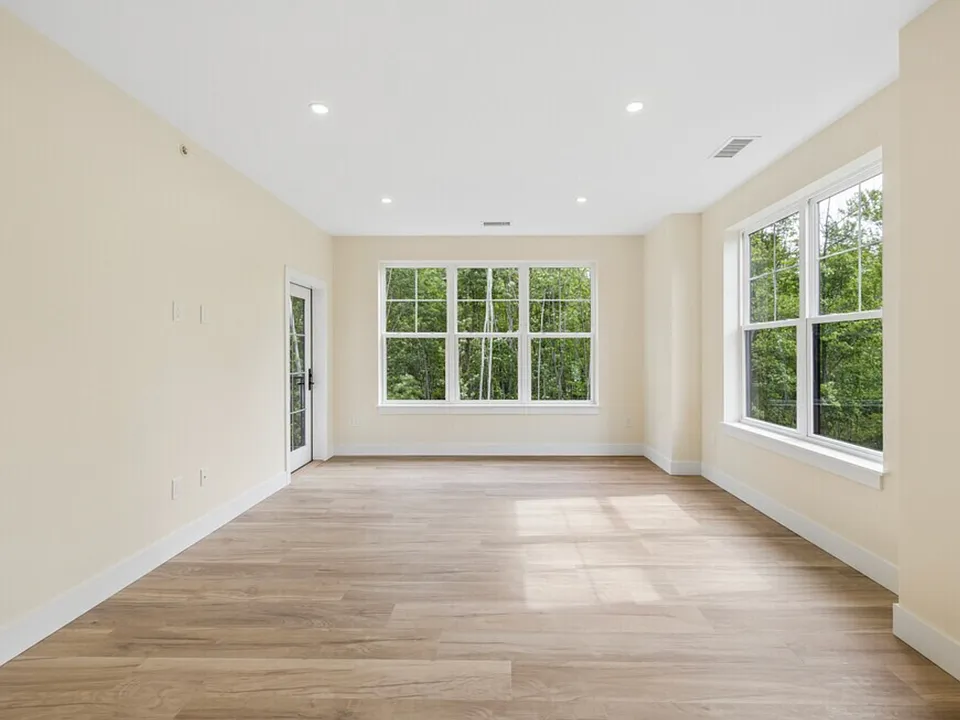 1BR, 1BA - 937SF - Living Room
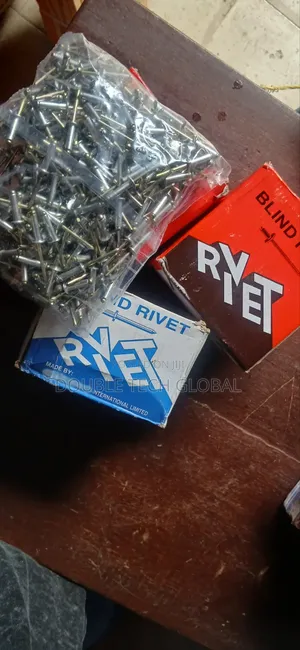 Rivet Pine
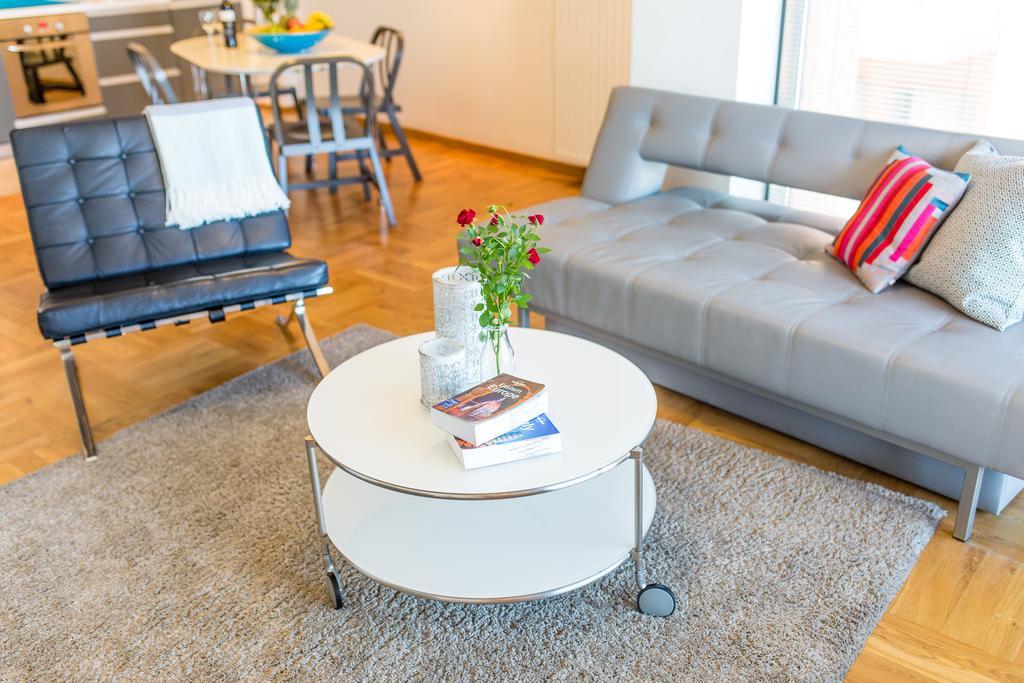 Modern Apartment in City Center Krakau Buitenkant foto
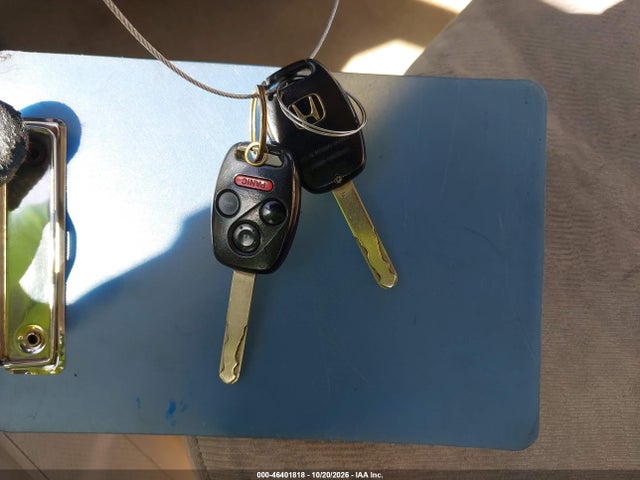 46401818 :رقم المزاد ، JHLRD68575C006269 vin ، 2005 Honda Cr-v Lx مزاد بيع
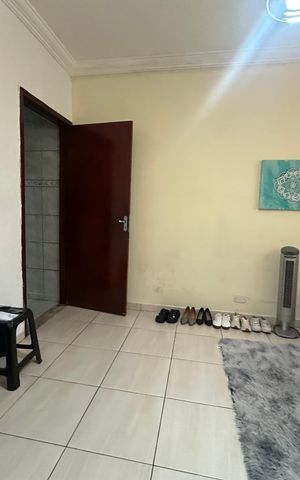 Casa à venda com 150m², 3 quartos e 3 vagas Casa à venda com 150m², 3 quartos e 3 vagasSala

> _Goal of the exercise_: All of the material above is to be retyped exactly, with no pictures included.

> _Exercise response_:
 1BR, 1BA - 937SF - Living Room
 Rivet Pine
 Modern Apartment in City Center Krakau Buitenkant foto
 46401818 :رقم المزاد ، JHLRD68575C006269 vin ، 2005 Honda Cr-v Lx مزاد بيع
 Casa à venda com 150m², 3 quartos e 3 vagas Casa à venda com 150m², 3 quartos e 3 vagasSala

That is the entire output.